A priori, c’est plutôt une bonne nouvelle : c’est le signe d’un secteur dynamique, évolutif. Sauf qu’il y a aussi des limites à ce qui devient parfois une course à la nouveauté. 

Dans cet article, je te propose de faire le point sur le sujet de l’innovation dans le recrutement, et de faire la part entre effet de mode et réelle amélioration. C’est parti ! 

Une brève histoire de l’innovation dans le recrutement 

Au Moyen Âge, les corporations utilisaient des systèmes d'apprentissage pour intégrer de nouveaux artisans. Au 19e siècle, le besoin de main-d'œuvre dans les usines a conduit à la mise en place de processus plus formels de sélection. Les premières agences de recrutement ont vu le jour à cette époque, jouant un rôle d'intermédiaires entre les employeurs et les candidats.

Au cours du 20e siècle, les méthodes de recrutement ont continué à évoluer, avec l'émergence des annonces dans les journaux, puis l'arrivée de l'informatique qui a induit la digitalisation des processus.

annonce d'emploi sur la presse

Depuis lors, l'avancement rapide des technologies a permis l'apparition des jobboards en ligne, des réseaux sociaux professionnels, des tests en ligne et d'autres innovations qui aujourd’hui font partie “du paysage”. 

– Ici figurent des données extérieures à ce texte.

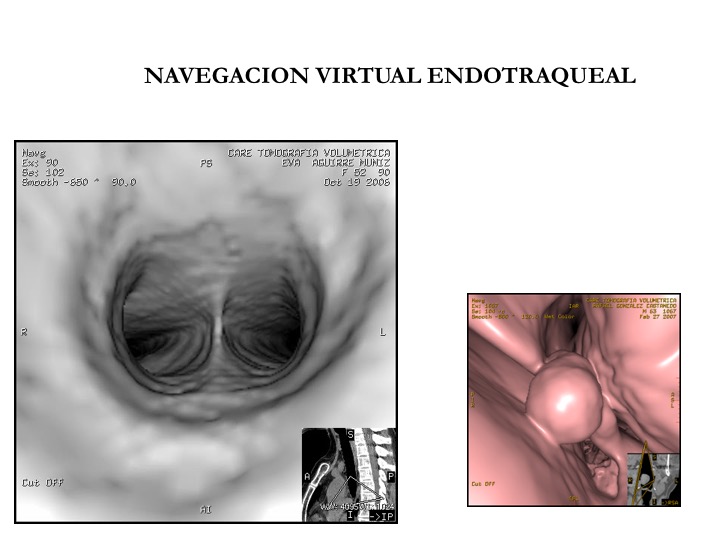 Tomografías de la cabeza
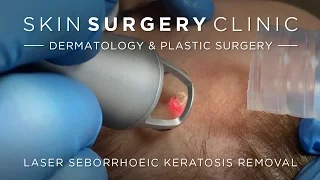 Seborrhoeic Keratosis Removal - See The Treatment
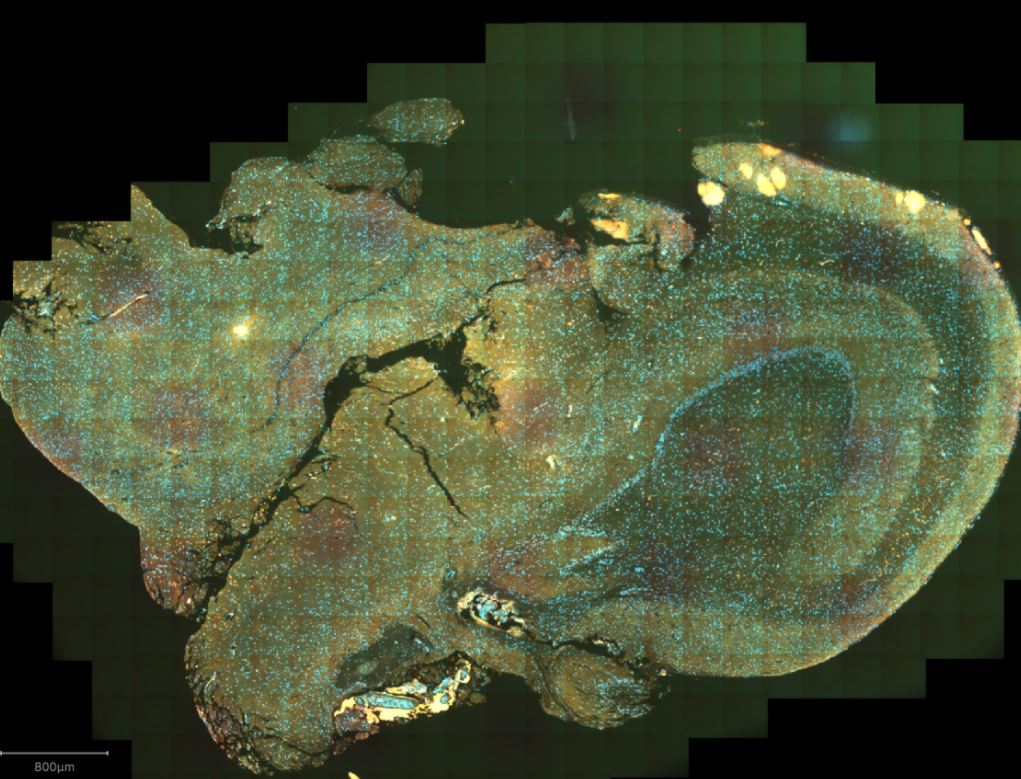 Fluorescent whole slide scans of the epileptic hippocampus.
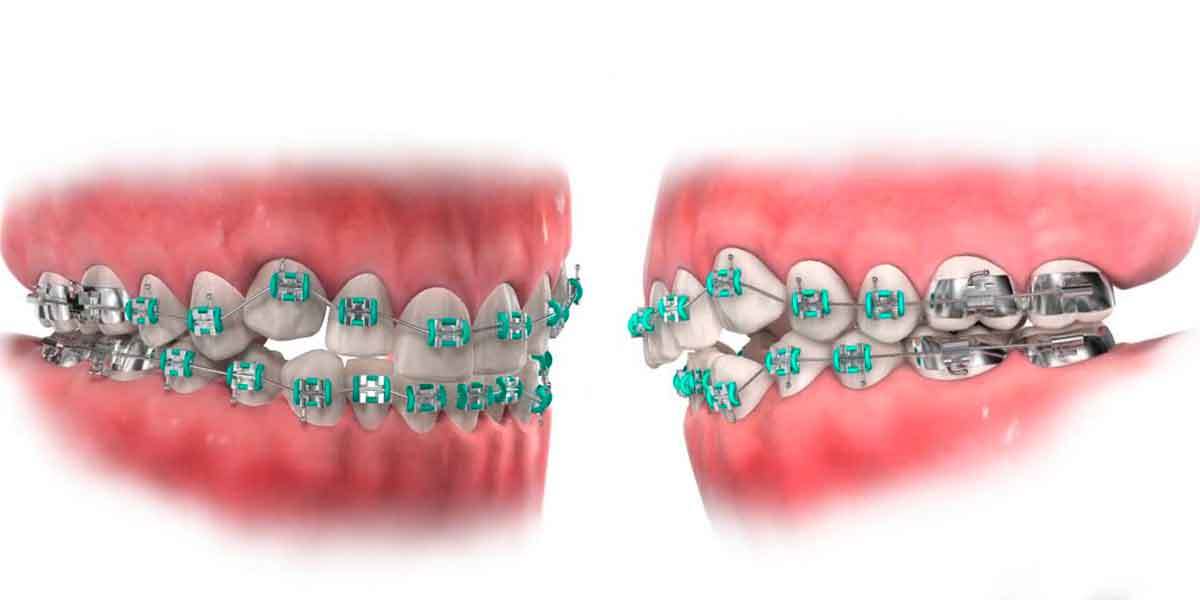 Dental Braces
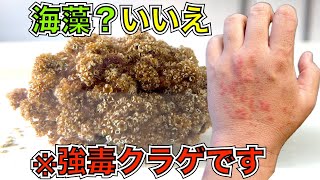 海藻にしか見えない毒クラゲ!「イラモ」に刺されるとこうなりますから皆様ご注意ください【黒潮生物研究所コラボ】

Personne ne voudrait retourner à l’âge de pierre du recrutement et faxer les CV à ses clients (ça existe encore, les faxs ?) 

le fax, ça eiste encore ?

De la même façon, les avancées en matière de recrutement éthique sont en soi, des innovations dans les processus : on a (normalement) intégré que le candidat n’est pas un produit, et que le recrutement a un rôle sociétal qui le place en ligne de mire dans les sujets d’intégration et de non-discrimination. 

Mais c’est quoi, en fait, une innovation ? 

De quoi parle-t-on ?

Commençons par définir les concepts. L’OCDE définit l’innovation ainsi : “Une innovation est la mise en œuvre d’un produit (bien ou service) ou d’un procédé nouveau ou sensiblement amélioré, d’une nouvelle méthode de commercialisation ou d’une nouvelle méthode organisationnelle dans les pratiques de l’entreprise, l’organisation du lieu de travail ou les relations extérieures.” 

Donc, globalement, l’innovation, c’est plutôt pas mal. Et puis surtout, on n'a pas trop le choix. 

Nécessité fait loi 

Pour survivre dans l’univers impitoyable de la concurrence, l’entreprise doit adapter ses produits, ses procédures, ses outils. 

Le recrutement ne fait pas exception, d’autant plus qu’il vit deux tensions en parallèle :

  1. Il y a de moins en moins de candidats qualifiés sur les secteurs en demande (pour rappel Il manquera chaque année 120 000 personnes entrantes sur le marché du travail à partir de 2030 (DARES) 
  2. Il y a de plus en plus de pression concurrentielle sur le marché en général entre les entreprises.
pénurie et recherche de talents

C’est ce qu’on appelle “la guerre des talents”. 

Désormais, ce ne sont pas uniquement les talents spécialisés et formés sur un besoin spécifique qui se font rares. Les candidats sont globalement plus courtisés. La tension est réelle.

L’innovation est une manière de répondre à cet enjeu : la nécessité de se réinventer est proportionnelle à la difficulté à trouver des candidats. 

Et ça, les entreprises l’ont bien compris. 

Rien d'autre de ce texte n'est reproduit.